Neurological Abnormalities in Schizophrenic Patients and Their Siblings
Baher Ismail, M.D.; Elizabeth Cantor-Graae, Ph.D.; Thomas F. McNeil, Ph.D.
Am J Psychiatry 1998;155:84-89.

Abstract

OBJECTIVE: The aim of this study was to investigate the prevalence and type of neurological abnormalities in schizophrenic patients and their nonpsychotic siblings. METHOD: A comprehensive neurological assessment, including evaluation of both hard and soft signs, was performed for 60 schizophrenic patients, 21 siblings, and 75 normal comparison subjects. RESULTS: None of the comparison subjects scored higher than 6 on the neurological assessment scale, but a score of 7 or higher was given to 67% of patients and 19% of siblings. Both patients and siblings scored significantly higher than comparison subjects on total neurological abnormalities, hard signs, soft signs, primitive reflexes, integrative sensory functions, and motor functions. The most conspicuous abnormalities were motor coordination problems and involuntary movements in the patients and cranial nerve deviations and mirror movements in their siblings. Levels of neurological abnormality were positively correlated within patient-sibling pairs. The total battery and hard signs best discriminated patients from comparison subjects. CONCLUSIONS: High levels of neurological abnormality characterize both schizophrenic patients and their siblings. The constellation of abnormalities and absence of overt psychopathology in siblings may represent the mildest form of disturbance within the schizophrenia spectrum. Levels of neurological abnormality covary positively in patients and siblings within the same family, suggesting common genetic and/or environmental pathogenic factors. An extended assessment battery provides optimal discrimination of patients from normal subjects, and hard signs are more differentially associated with schizophrenia than are soft signs. The neurological abnormality has no consistent localizing profile, and nearly all functional domains are involved. (Am J Psychiatry 1998; 155:84–89)

Abstract Teaser
Figures in this Article

An association between schizophrenia and neurological abnormality was observed early in the history of psychiatry (1) and has been the subject of repeated studies during the past 35 years. These studies have consistently shown a higher frequency of neurological abnormalities in schizophrenic patients than in other psychiatric and nonpsychiatric comparison subjects (219). Relatives of schizophrenic patients have shown rates of neurological abnormality somewhere in between those of the patients and normal comparison subjects (7, 8). Intrafamilial similarity in neurological abnormalities may depend on either genetic or early environmental factors (9).
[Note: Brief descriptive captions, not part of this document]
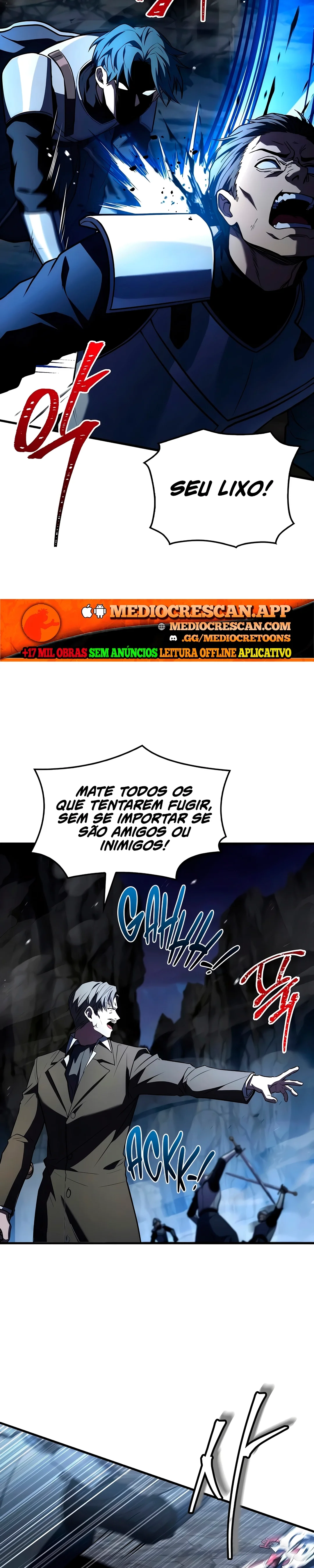 The Legendary Spearman Returns Capítulo 201 Página 25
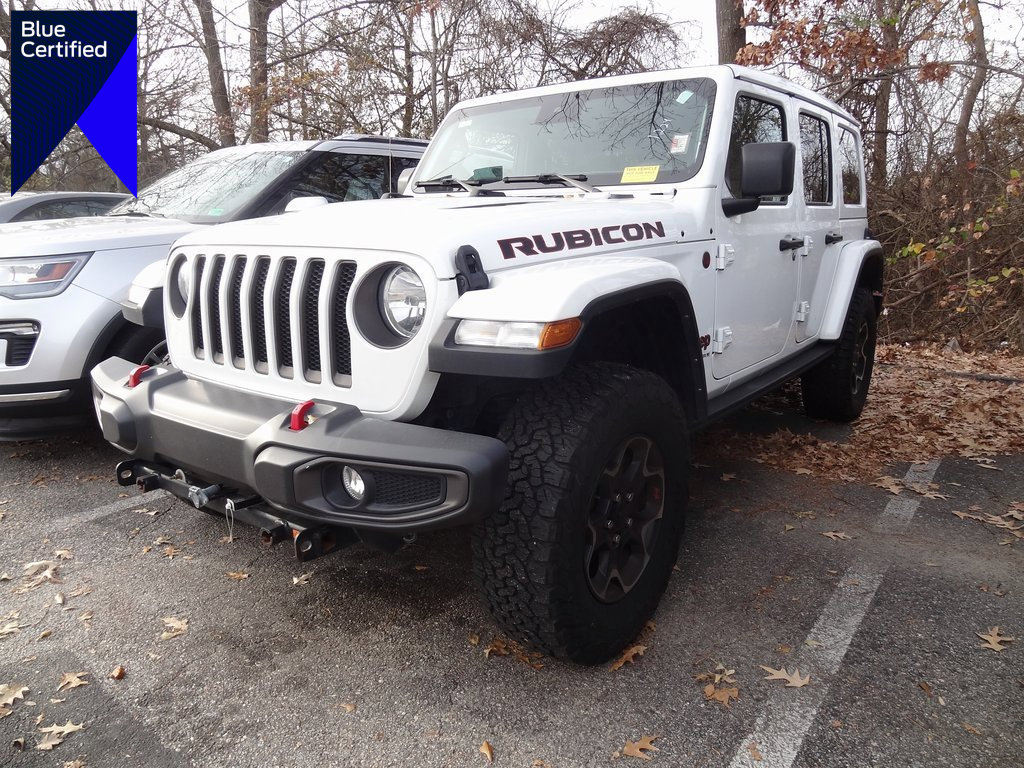 Used 2023 Jeep Wrangler Unlimited Rubicon w/ Safety Group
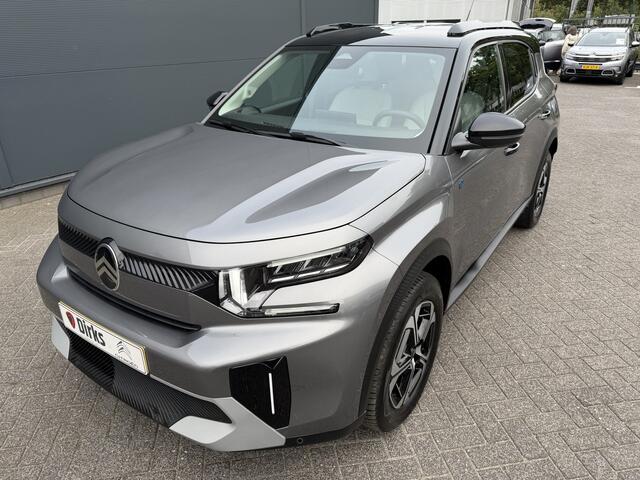 Citroen C3 Ë-C3 Aircross Max 113pk Comfort Range 44 kWh (Camera - Parkeersensoren V+A - Automatische Airco - Navigatie - Apple Carplay - LED - 17"incl 4S - Dodehoek detectie)
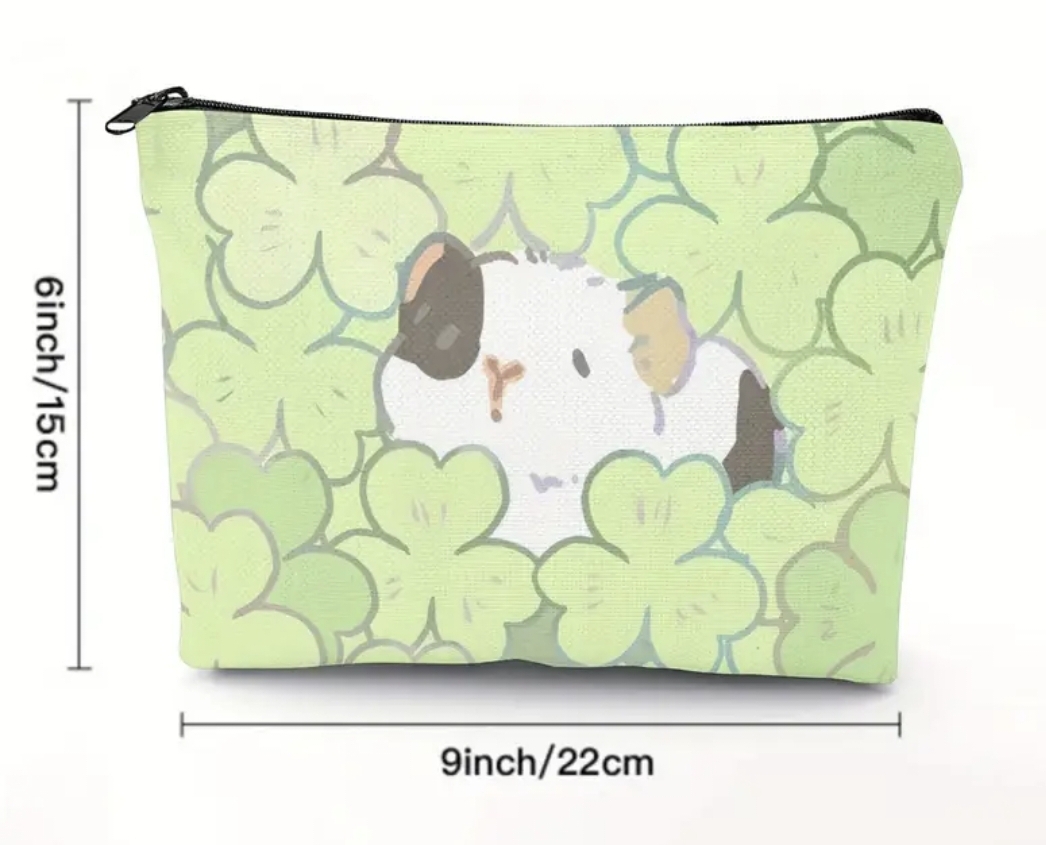 Make up tas /  kleine toilet tas / etui Cavia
Nevertheless, the importance of the neurological abnormalities associated with schizophrenia is still not well understood, partially owing to a number of unresolved methodological questions and issues. First, neurological assessment procedures have varied widely across different studies (2); some studies used comprehensive neurological examinations (310), while others focused on a small number of neurological items or specific dimensions of interest (1119). The wide variation in methods hinders attempts to compare results across studies, and little attention has been paid to the effect of the particular assessment procedure on the results obtained.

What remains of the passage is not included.